Faith in adversity

I finally found the time to read a book given to me by a friend. The book True Compass is the posthumous memoir of the late US Senator Edward “Ted” Kennedy which came out more than a year ago, underscoring the underlying theme of faith that becomes Kennedy’s anchor during the most difficult moments of his life. The book inevitably describes how the US version of “The Royal Family” survived the many tragedies they endured. Some people even say it was actually a “curse” that befell the most famous American family.

In his book, Ted Kennedy openly talks about the assassination of his brothers Jack (whom he describes as almost like a second father) and Bobby one after the other as the darkest moments in his life, admitting that, “…months and years after Bobby’s death, I tried to stay ahead of the darkness. I drove my car at high speeds; I relentlessly worked myself to the bone in the Senate… I sometimes drove my capacity for liquor to the limit.”

But perhaps more than the assassination of his famous brothers, the one that haunted Ted the most (and cost him his presidential bid) was the Chappaquiddick tragedy that killed Mary Jo Kopechne, and for which atonement has become a never-ending process. The incident “haunts me every day of my life,” he admits — but it was his faith that became his “lifesaver.” “It has given me strength and purpose during the greatest challenges I have faced, the roughest roads I have traveled,” he reveals in his book.

While Kennedy suffered “alienation” from the Catholic Church because of his support of abortion, the “Last American Prince” never lost his Catholic faith. One could even say that the sufferings he went through only served to strengthen his belief in God, much like a drowning man who would cling to the last vestiges of hope even when all seemed to be lost.

But actually it was the strength of his mother, Rose Kennedy, a devout Catholic (who died at the age of 104) whom Ted Kennedy acknowledged as the one single person who “sustained us in the saddest times by her strong faith in God, which was the greatest gift she gave us.”

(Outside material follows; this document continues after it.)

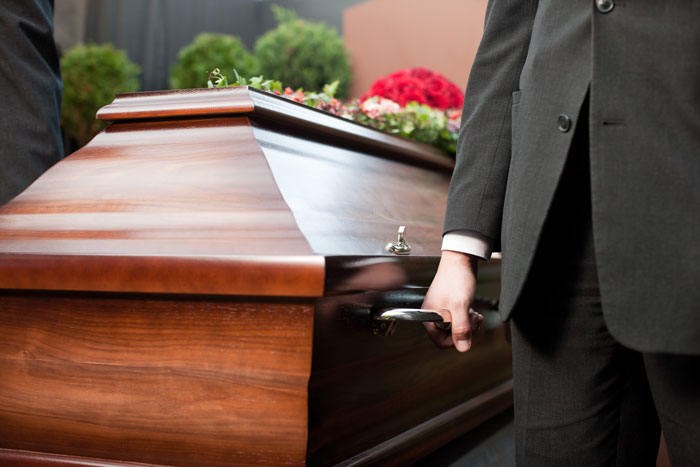 Close-up of coffin being carried at funeral service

When his daughter Kara was struggling with cancer and was being treated at a hospital, Kennedy would go alone to Our Lady of Perpetual Help Basilica in Boston and kneel down in deep prayer asking for help from his Creator. Fr. Charles Creedon, who delivered the opening prayer at Kennedy’s funeral in the same church, described the late US Senator as a very religious man who would ask him for spiritual guidance during the darkest episodes of his life. And when Ted himself was stricken with cancer and already too frail to go to church, Creedon would travel to the Kennedy compound in Hyannis Port to give the Senator communion — a sign that Catholics recognize as a singular manifestation of one’s faith in God. 

When a man is faced by the greatest adversity and misfortune, one’s belief in God would either diminish or become even stronger; either you cling to the Lord or choose to repudiate Him as you struggle for survival and your very life. This is probably what happened to Chilean miner Mario Sepulveda as he described the ordeal that he and the 32 others who were trapped for two months went through: “I have been with God and I have been with the devil . . . I seized the hand of God. I always knew God would set us free,” he said.

It would have been so easy for the Chilean miners to lose hope and give in to panic and despair as they lay trapped 2,300 feet under the ground, as the hours turned into days and the days turned into weeks and the weeks into months, it almost seemed certain they would be written off as literally being buried alive. But like Ted Kennedy, it was their deep faith in God that saw them through as they all prayed for deliverance. 

And as the whole world now has come to know, it was their enduring faith in the Almighty that sustained them, their hopes kept alive by prayers as the men turned a section of the pit into a makeshift chapel where they constantly prayed. No doubt the eventual presence of their families and the knowledge that the people of Chile (70 percent of whom are Catholics) were praying for their safety kept their spirits strong and their hopes alive.

Just how deeply ingrained their faith had become could be seen at how the men knelt in thanksgiving the minute they set foot on higher ground once more, before embracing their wives and loved ones. As one goes through accounts of the rescue and those of us who watched it live on CNN, we were all struck by a particular description of a camera attached to the top of the rescue capsule that captured a blindingly white light piercing through the darkness as it approached the surface — reminiscent of the white light described by people who have gone through a “near death experience.”

When one finally comes to terms with his inevitable demise, it is really what you have done during your lifetime — whether good or bad — that will ultimately judge where you will go. In the end, it is your faith that will make you ready to accept the line in the Lord’s prayer: “Thy will be done.”